MATERIAL PROVIDED ->

........

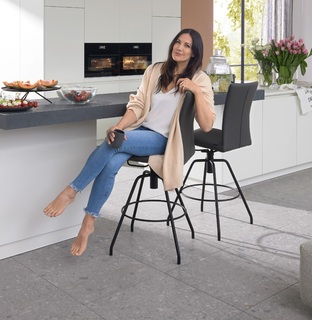 Bettina Zimmermann feet photo thumbnail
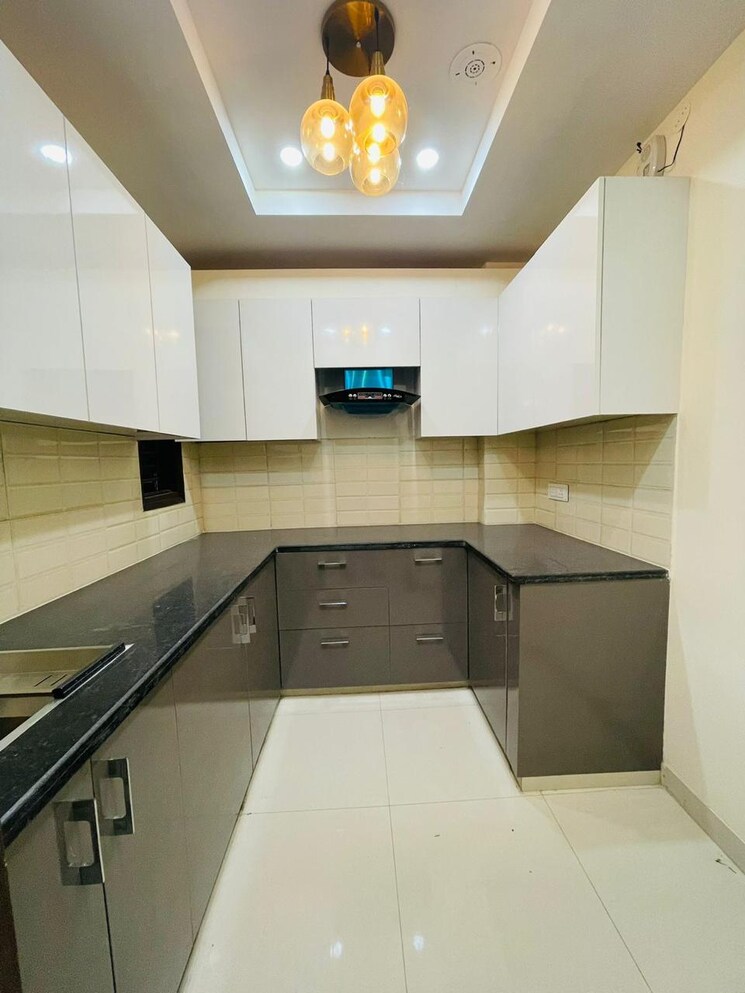 Kitchen, dwarka mor 3 Bedroom 90 Sq.Yd. Builder Floor In Dwarka Mor Delhi 9177233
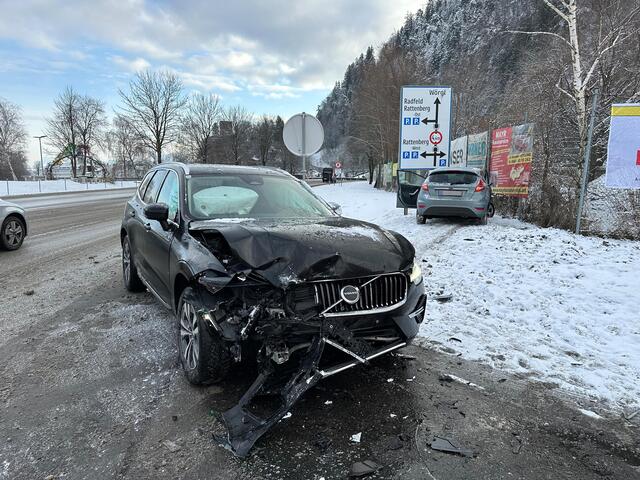 In Brixlegg kam es am Dienstagmorgen zu einem Verkehrsunfall mit drei Verletzten. | Foto: ZOOM.TIROL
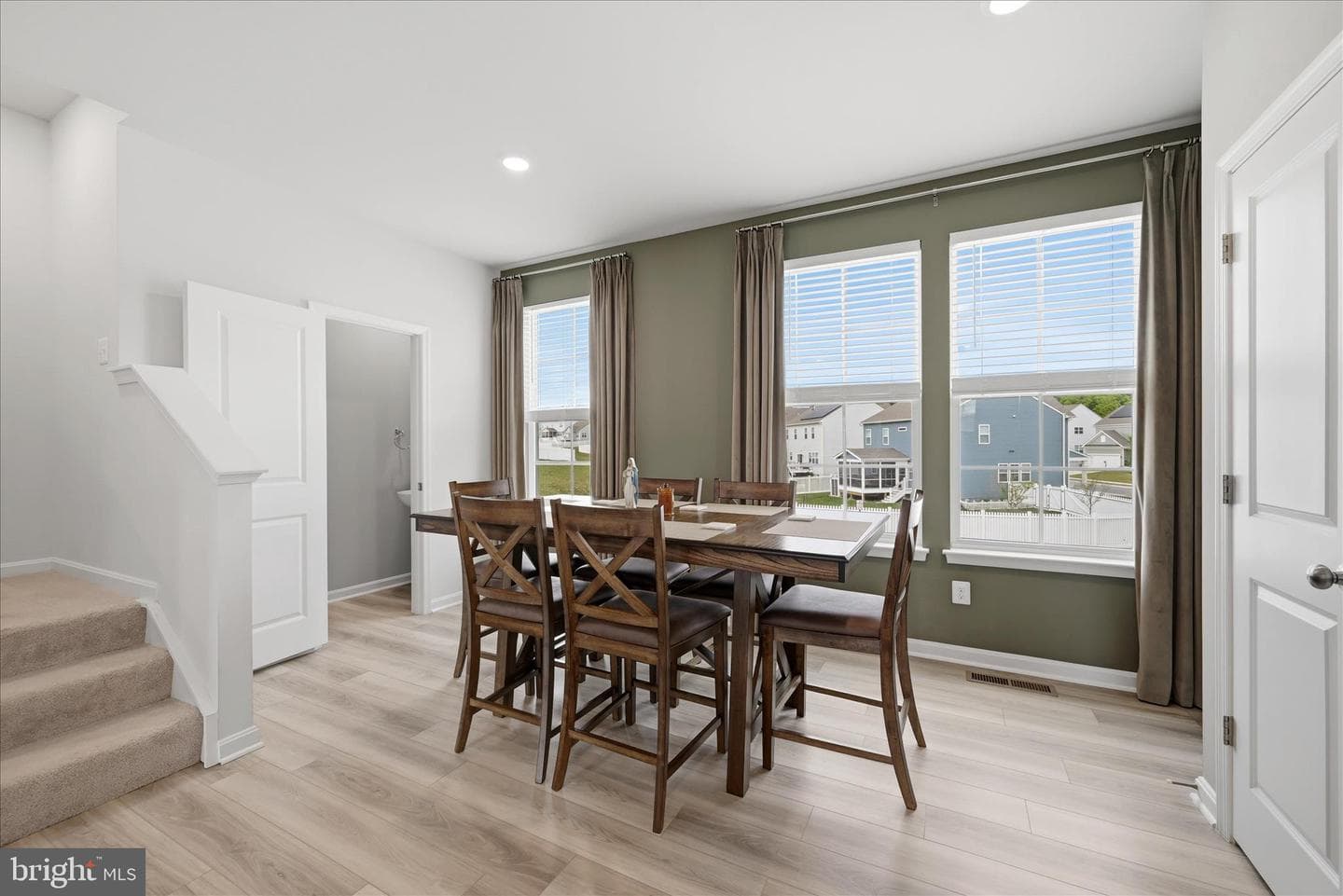 105 Tye Court photo 27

........

REQUIRED WORK ->
Repeat verbatim all the material, but not the pictures.

SOLUTION TO THIS TASK ->
 Bettina Zimmermann feet photo thumbnail
 Kitchen, dwarka mor 3 Bedroom 90 Sq.Yd. Builder Floor In Dwarka Mor Delhi 9177233
 In Brixlegg kam es am Dienstagmorgen zu einem Verkehrsunfall mit drei Verletzten. | Foto: ZOOM.TIROL
 105 Tye Court photo 27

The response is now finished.